Task description: What you return must match the records exactly, except that the pictures are gone.

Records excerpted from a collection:
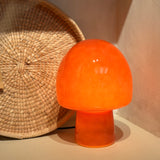 Mushroom Table Lamp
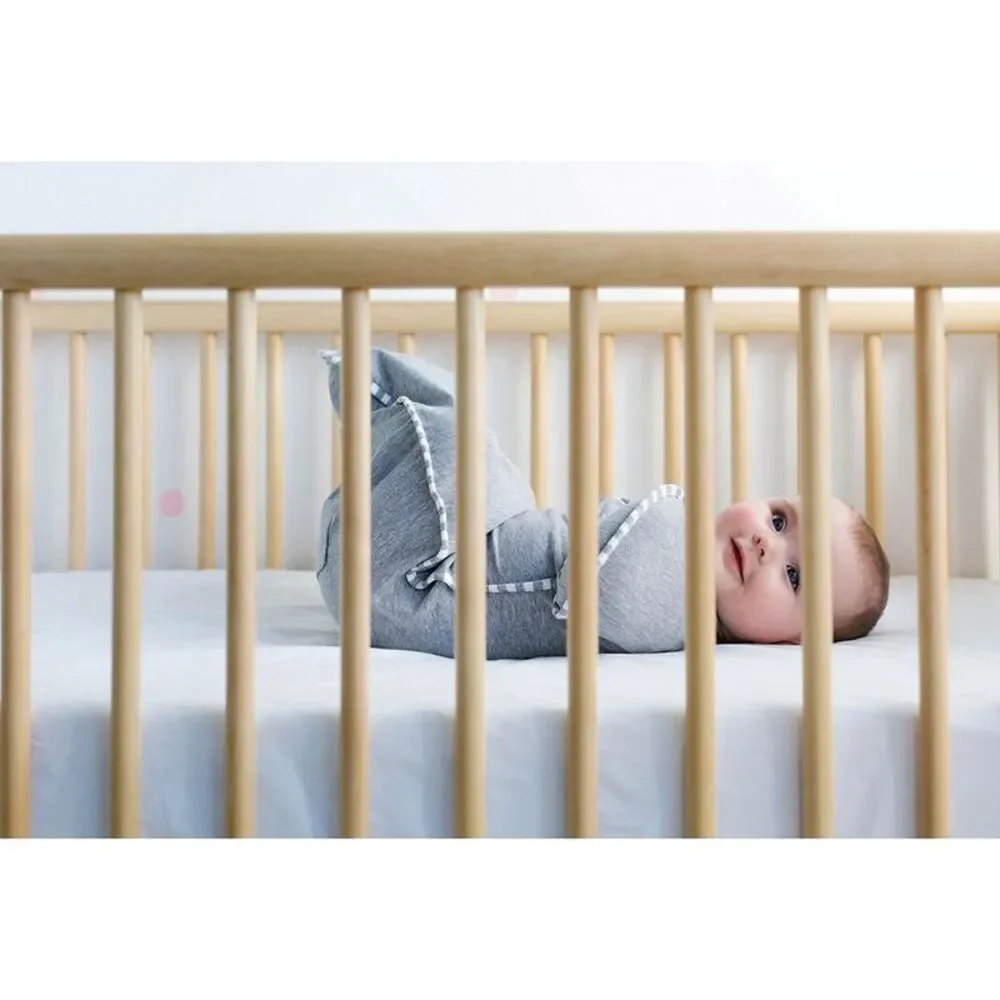 Love to Dream -  Swaddle UP Adaptive Original Swaddle Gray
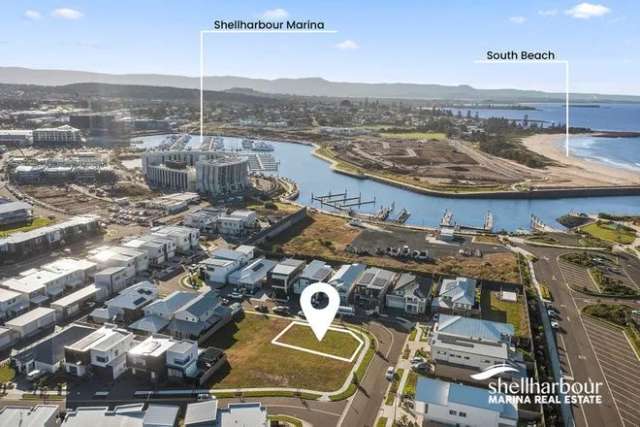 Land For Sale in Shellharbour City Council, New South Wales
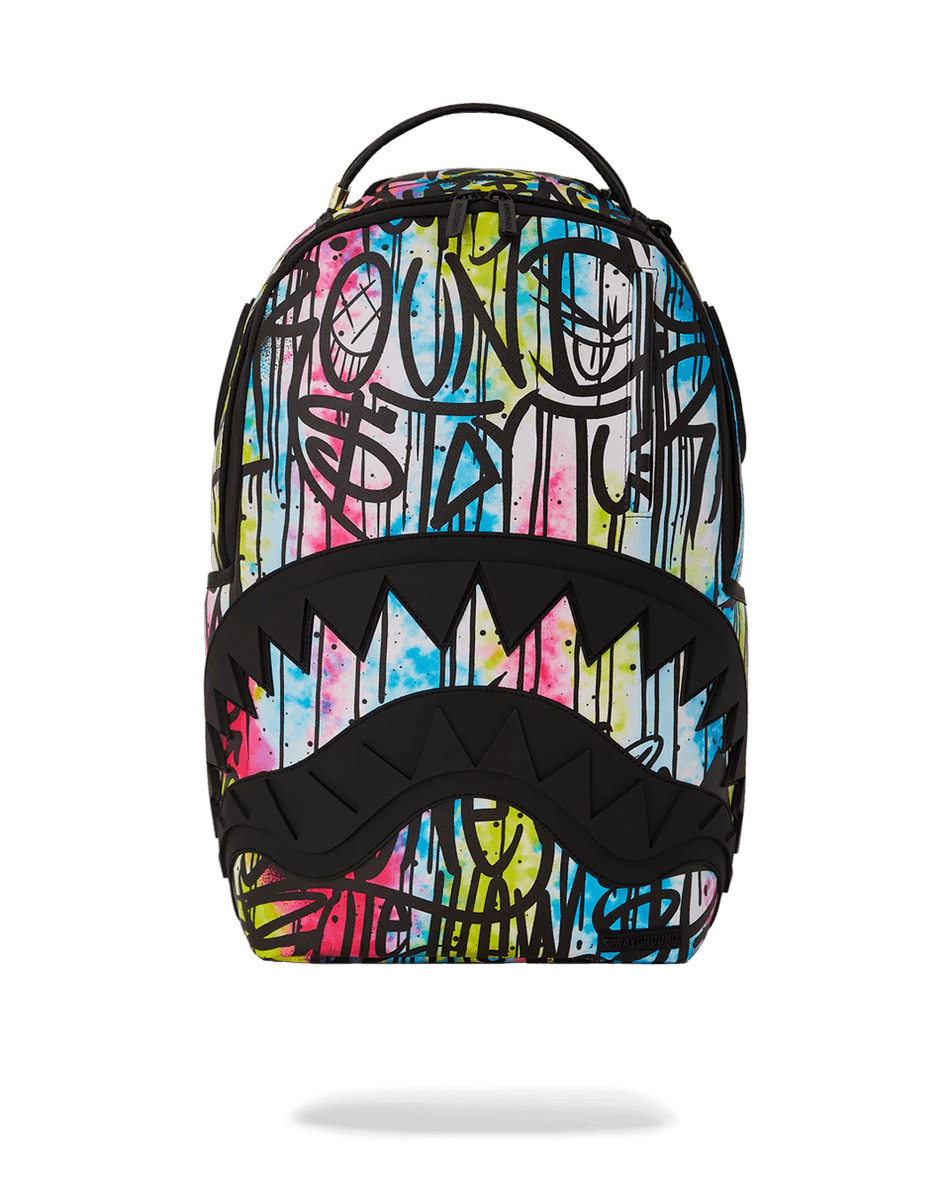 Sprayground Nyc שירה Dlxsv תיק גב 99000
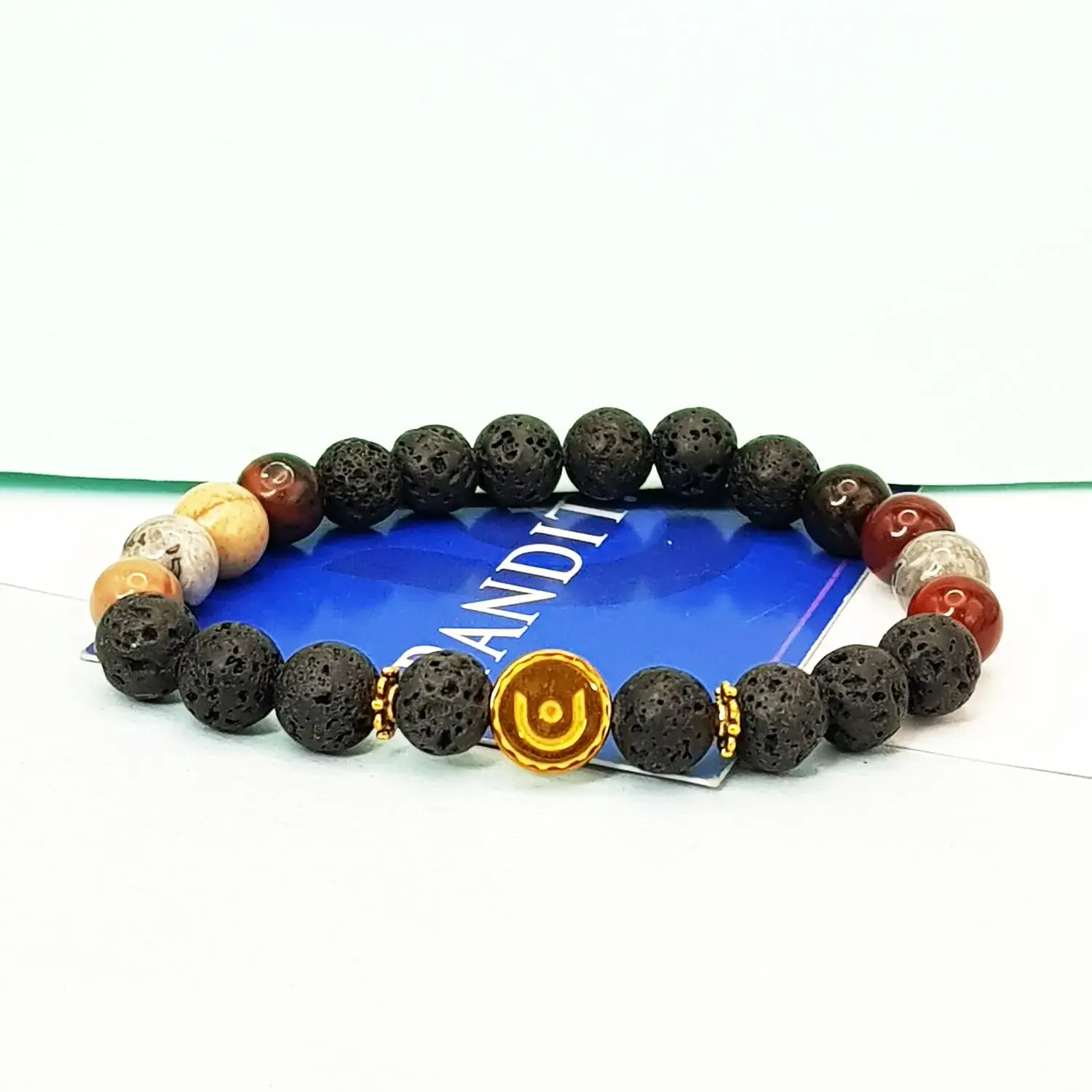 Stability in Life Bracelet - Image 3
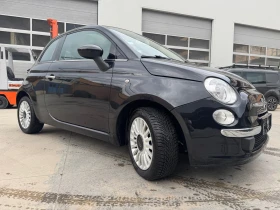 Fiat 500 1.2 69hp, снимка 6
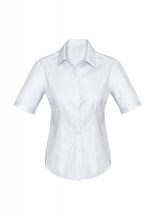 Biz Collection Stirling Ladies S/S Shirt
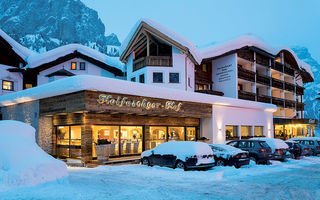 Náhled objektu Kolfuschgerhof, Colfosco / Kolfuschg, Alta Badia, Włochy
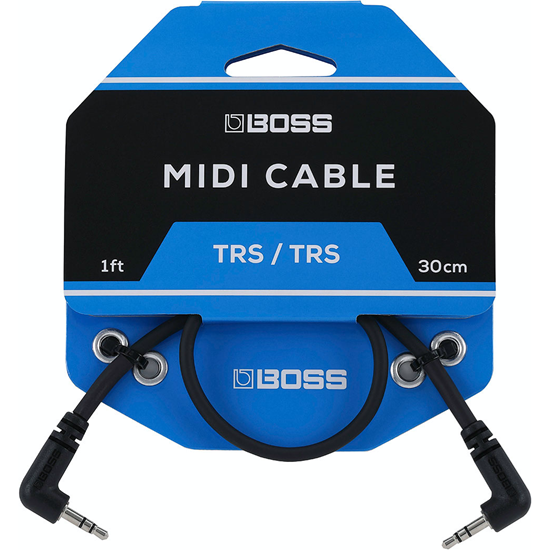 Bild på Boss BCC-2-3535 MIDI Cable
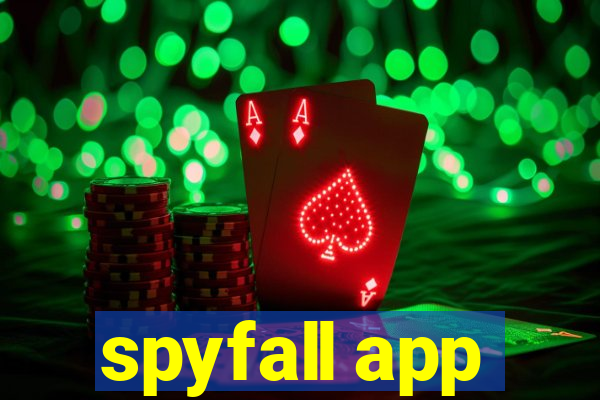 spyfall app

Task output:
 Mushroom Table Lamp
 Love to Dream -  Swaddle UP Adaptive Original Swaddle Gray
 Land For Sale in Shellharbour City Council, New South Wales
 Sprayground Nyc שירה Dlxsv תיק גב 99000
 Stability in Life Bracelet - Image 3
 Fiat 500 1.2 69hp, снимка 6
 Biz Collection Stirling Ladies S/S Shirt
 Náhled objektu Kolfuschgerhof, Colfosco / Kolfuschg, Alta Badia, Włochy
 Bild på Boss BCC-2-3535 MIDI Cable
 spyfall app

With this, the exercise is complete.